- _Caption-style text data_
= = = = = = =

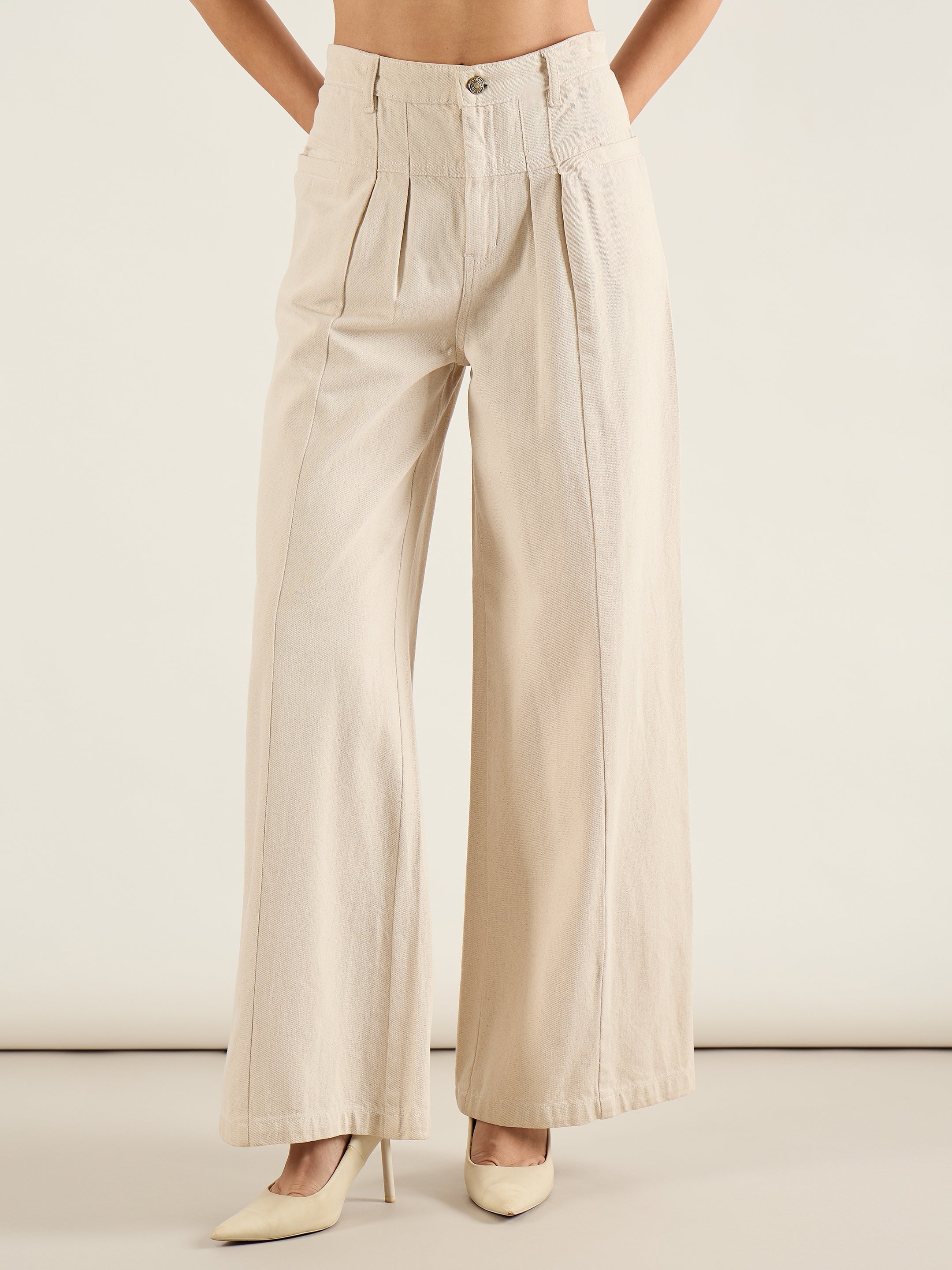 Women Beige High Waist Front Dart Wide Leg Jeans-SFJEAN0817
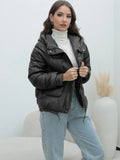Station Down Cotton-Padded Jacket 2023 New Women's Winter Thickened Cotton-Padded Jacket Popular Style Bright Color Vertical Collar Cotton-Padded Jacket-Outfit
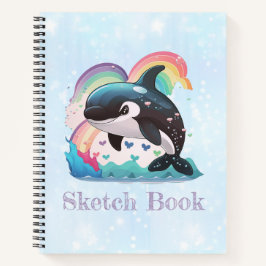 Niedlich Kawaii Orca Killer Whale Rainbows Schmett Notizblock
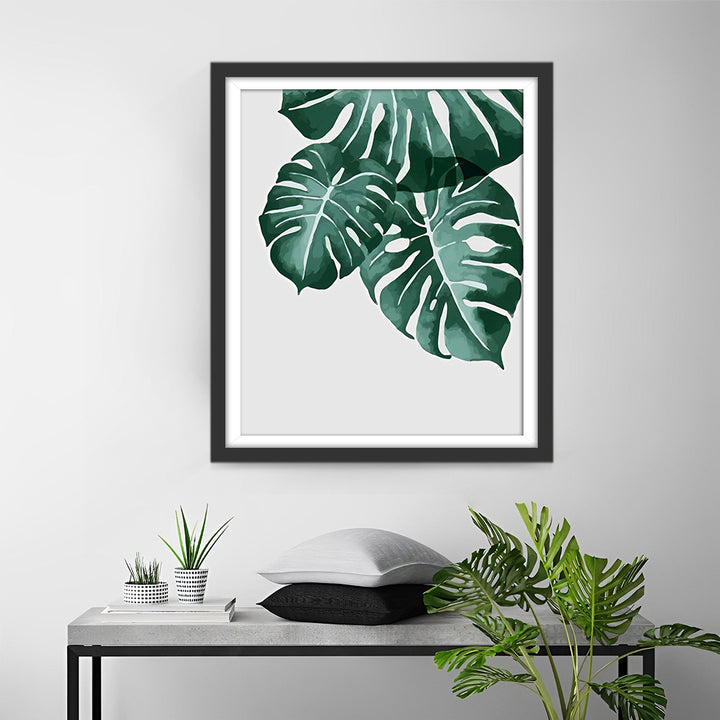 Drie Monstera Bladeren Diamond Painting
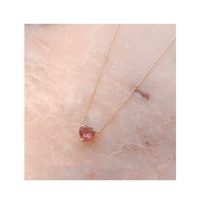 Heart bon bon necklace(Pink tourmaline)
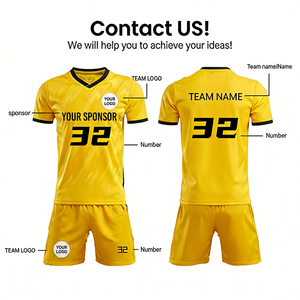 Ensemble de sport d'été imprimé à col rond et manches courtes - 100% polyester, séchage rapide, évacuation de l'humidité, respirant, vêtements d'entraînement de football - Product Image 5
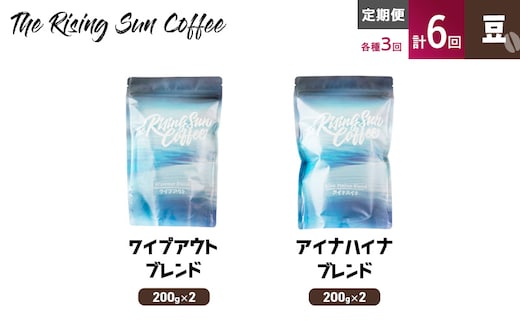 豆ワイプアウトブレンド 200g×2 or アイナハイナブレンド 200g×2交互 定期便各3回 合計6回 コーヒー 珈琲 オリジナル 飲み比べ SUNNY 坂口憲二 九十九里町 千葉県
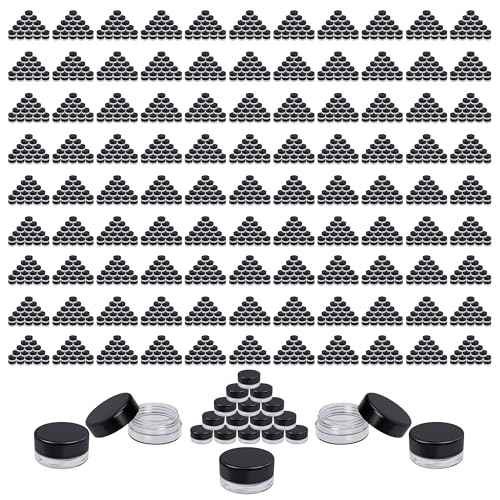 Houseables 3 Gram Jar, 3 ML Jar, BPA Free, Black, 2000 Pack, Cosmetic Empty Container, Plastic, Round Pot, Screw Cap Lid, Small Tiny 3g Bottle, for Make Up, Eye Shadow, Nails, Powder, Paint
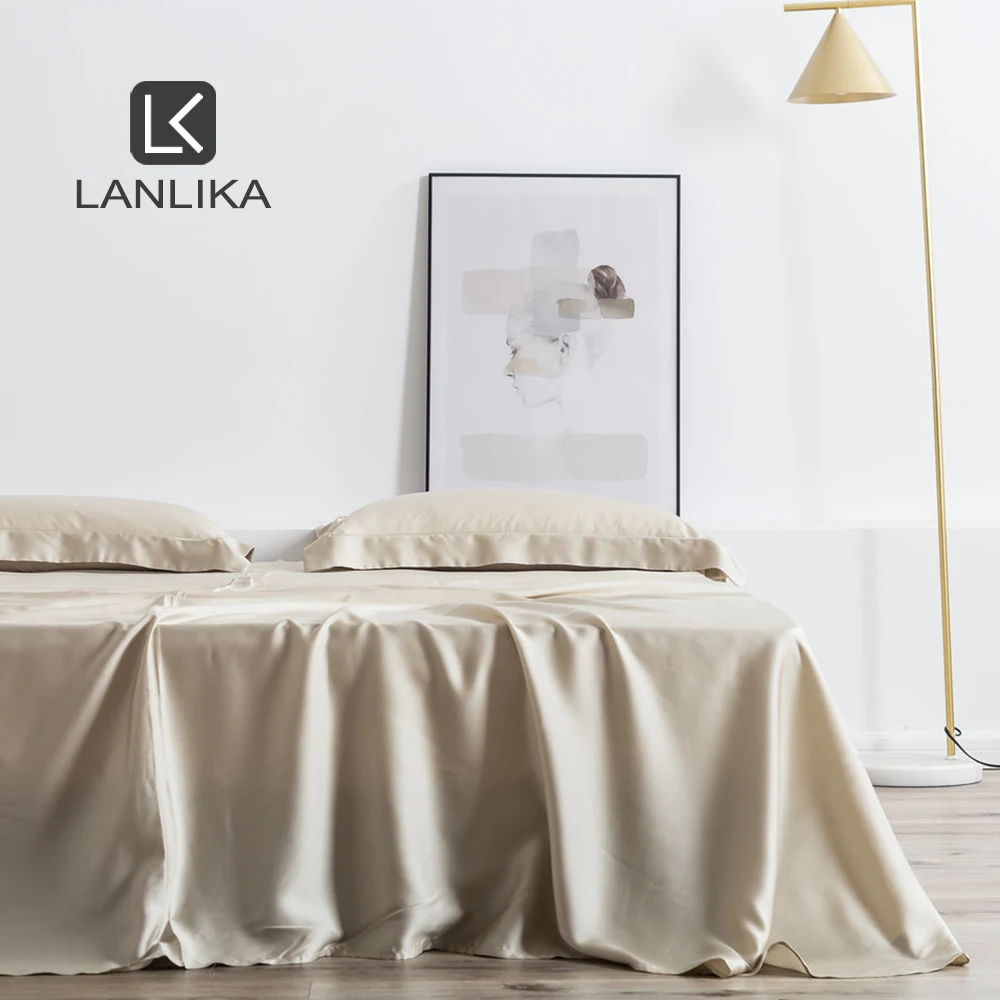 

Lanlika Noble Women Men 100% Silk Color Flat Sheet 25 Momme Healthy Beauty Bed Sheet Pillowcase Euro Queen King Bed Linen Set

= = = = = = =

- _WHAT IS EXPECTED_
Output all the data above verbatim, leaving out images.

- _WRITTEN SOLUTION_
 Women Beige High Waist Front Dart Wide Leg Jeans-SFJEAN0817
Station Down Cotton-Padded Jacket 2023 New Women's Winter Thickened Cotton-Padded Jacket Popular Style Bright Color Vertical Collar Cotton-Padded Jacket-Outfit
 Niedlich Kawaii Orca Killer Whale Rainbows Schmett Notizblock
 Drie Monstera Bladeren Diamond Painting
 Heart bon bon necklace(Pink tourmaline)
 Ensemble de sport d'été imprimé à col rond et manches courtes - 100% polyester, séchage rapide, évacuation de l'humidité, respirant, vêtements d'entraînement de football - Product Image 5
 豆ワイプアウトブレンド 200g×2 or アイナハイナブレンド 200g×2交互 定期便各3回 合計6回 コーヒー 珈琲 オリジナル 飲み比べ SUNNY 坂口憲二 九十九里町 千葉県
 Houseables 3 Gram Jar, 3 ML Jar, BPA Free, Black, 2000 Pack, Cosmetic Empty Container, Plastic, Round Pot, Screw Cap Lid, Small Tiny 3g Bottle, for Make Up, Eye Shadow, Nails, Powder, Paint

Lanlika Noble Women Men 100% Silk Color Flat Sheet 25 Momme Healthy Beauty Bed Sheet Pillowcase Euro Queen King Bed Linen Set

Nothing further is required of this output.